Tip #2: If you child is super-sensitive to an ingredient, you might have them wear gloves with their costume, so that any allergenic candy that touches their hand on the way into the bag doesn’t cause a skin reaction. Toss the glove in the wash or in the trash when you get home.
Tipe #3: Unlabeled candy is assumed to be unsafe. Period. The only exceptions are brand-name candies that you are already familiar with and know are safe. (For example, I know Dum-Dum lollipops, Starbursts, and Skittles are okay for my son, so I’ll let him keep those.) If there is a type of candy that he’s particularly interested in, I might promise to look for it at the store the next day, and read the ingredients there. But it goes into a separate container until we’ve seen it at the store and verified its safety.

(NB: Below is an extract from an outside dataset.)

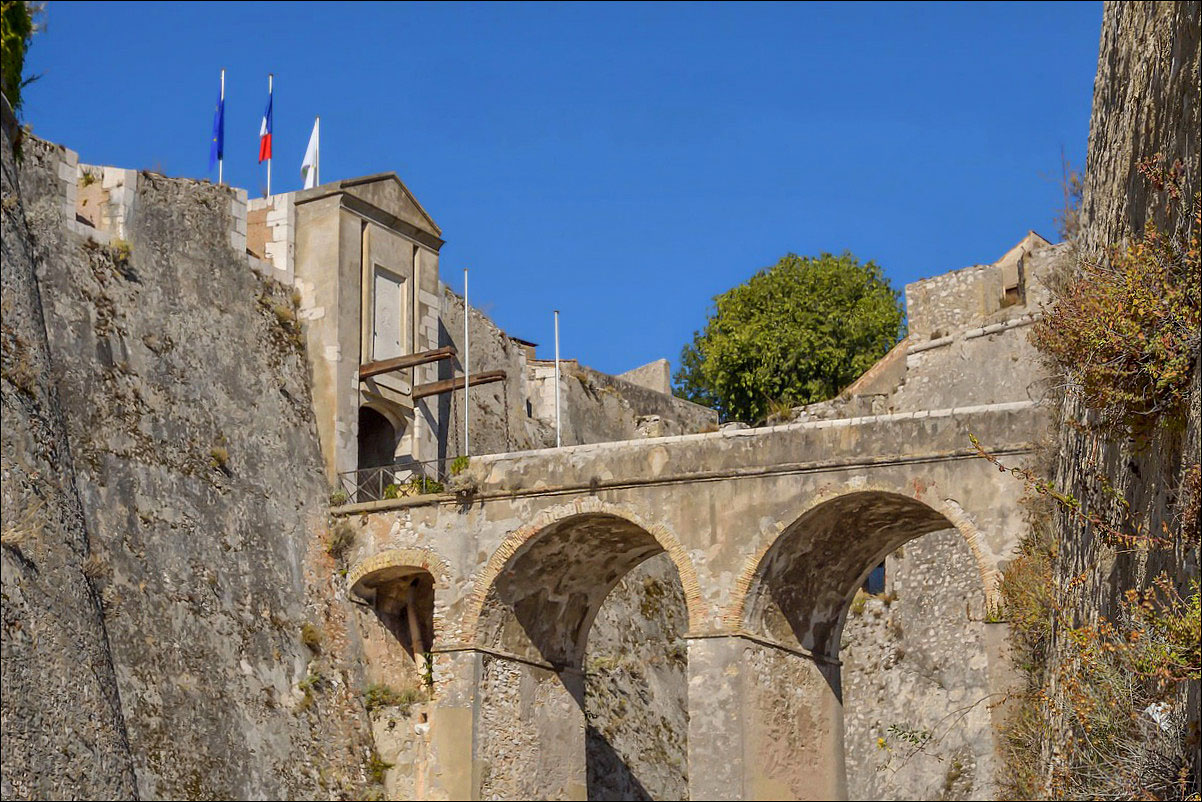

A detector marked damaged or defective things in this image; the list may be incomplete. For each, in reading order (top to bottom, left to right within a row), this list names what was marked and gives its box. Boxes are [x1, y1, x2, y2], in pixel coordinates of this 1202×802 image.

rusty metal beam [358, 346, 458, 380]
rusty metal beam [412, 368, 506, 400]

Tip #4: Talk about what to do with any candy that isn’t safe BEFORE you go trick-or-treating. My son's an only child, and he has a good friend who is, too. They go trick-or-treating together, and at the end of the night, they pool all their candy together, then divide it up. She gets all the candy he can’t have (except for the Three Musketeers bars – those are mine!), and she gives him the “safe” candy. It works out about evenly. Sometimes she ends up with a little more, but my son doesn’t mind. He’s actually grateful that she’s taking the “bad” stuff. Plus it’s a lot more fun to go trick-or-treating with a best pal than by themselves, so they’re willing to do whatever it takes to get a night together.
If your kids don’t have friends willing to trade candy, other options for getting rid of “unsafe” candy include:
1) Trade unsafe candy for safe candy that you have bought ahead of time.
2) “Buy” the unsafe candy from your child – but establish a price ahead of time, such as a nickel a piece, a dollar a pound, or the whole kit and caboodle for a new DVD, a small toy, a trip to the movies, a night out with Dad, a visit to the dollar store, or other such treat.
3) Look for a dentist or other business in your area that buys candy from kids on the day after Halloween. There’s at least one dentist in Layton that does. The kids get money, and the dentist donates the candy to a children’s hospital, I think.
4) Let the child “donate” the unsafe candy to Mom or Dad, so they can take it to work and share it with their coworkers.
5) Let the child donate the unsafe candy to a local women’s shelter, food bank, homeless shelter, or family of an Iraqi soldier – the soldiers always seem to appreciate candy that they can share with friends or give to Iraqi children.
That’s it for my survival tips. I hope they help. Now, can someone help me get my decorations out of the box before Wednesday?